The Washington Times is reporting that a coalition of American Muslim groups is demanding that Sen. John McCain stop using the the term “Islamic terrorism.” The group includes the Islamic Society of North America (ISNA), a leading member of the U.S. Muslim Brotherhood. ISNA Secretary-General Dr. Muneer Fareed told the newspaper that the organization is beginning a campaign to persuade Mr. McCain to stop using the term:
We’ve tried to contact his office, contact his spokesperson to have them rethink word usage that is more acceptable to the Muslim community,” Mr. Fareed said. “If it’s not our intent to paint everyone with the same brush, then certainly we should think seriously about just characterizing them as criminals, because that is what they are….Mr. Fareed, who is ISNA’s secretary-general, said such usages are wrong. “My own take on this is that we tried and failed to stylize this particular onslaught against the United States as one that has religious connotations and regional connotations,” said Mr. Fareed, a former associate professor of Islamic studies at Wayne State University. “I think this is just criminality, fair and square. We should just call them criminals. You want to call them terrorist criminals, fine,” he said. “But adding the word ‘Muslim’ or ‘Islamic’ certainly doesn’t help our cause as Americans. It’s counterproductive. It paints an entire community of believers, 1.2 billion in total, in a very negative way. And certainly that’s not something that we want to do.

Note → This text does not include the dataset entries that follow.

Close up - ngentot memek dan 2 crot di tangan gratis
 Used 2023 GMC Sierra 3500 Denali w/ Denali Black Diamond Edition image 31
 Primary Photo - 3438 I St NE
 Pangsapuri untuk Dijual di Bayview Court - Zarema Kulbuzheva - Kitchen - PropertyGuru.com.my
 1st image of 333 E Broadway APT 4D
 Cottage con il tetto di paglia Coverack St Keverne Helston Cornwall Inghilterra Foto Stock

A previous post has outlined the four conceptual categories which can be used to understand Muslim Brotherhood positions on terrorism and controlling the language used to describe terrorism falls into the first of these categories- Denial. As this post explained:
1. DENIAL- Since the Brotherhood is pursuing Islamization and eventually Shariah (Islamic Law), it is necessary at all costs to deny that Islam as a religion has any connection to violence or terrorism. Of course, the Brotherhood represents Islamism as opposed to Islam in this regard but since the general audience does not understand that distinction, it is Islam which is the Brotherhood reference. They cannot afford to fail in this denial and the denial strategy is usually pursued through sophistry. That is, the Brotherhood claims that Islam is unfairly associated with terrorism while Christianity, Judaism, and other religions are not (e.g. Abortion bombers are not called Christian Terrorists) and/or that other religious terrorism is just as dangerous as Islamic terrorism. The Brotherhood may be winning this battle (see here.)
The Times article said that a McCain aide said that the senator will not drop the word while Sen. Barack Obama and Sen. Hillary Clinton “generally shun such word usage.”
Discussion
The link referenced in “unfairly associated with terrorism” was incorrect and has been fixed.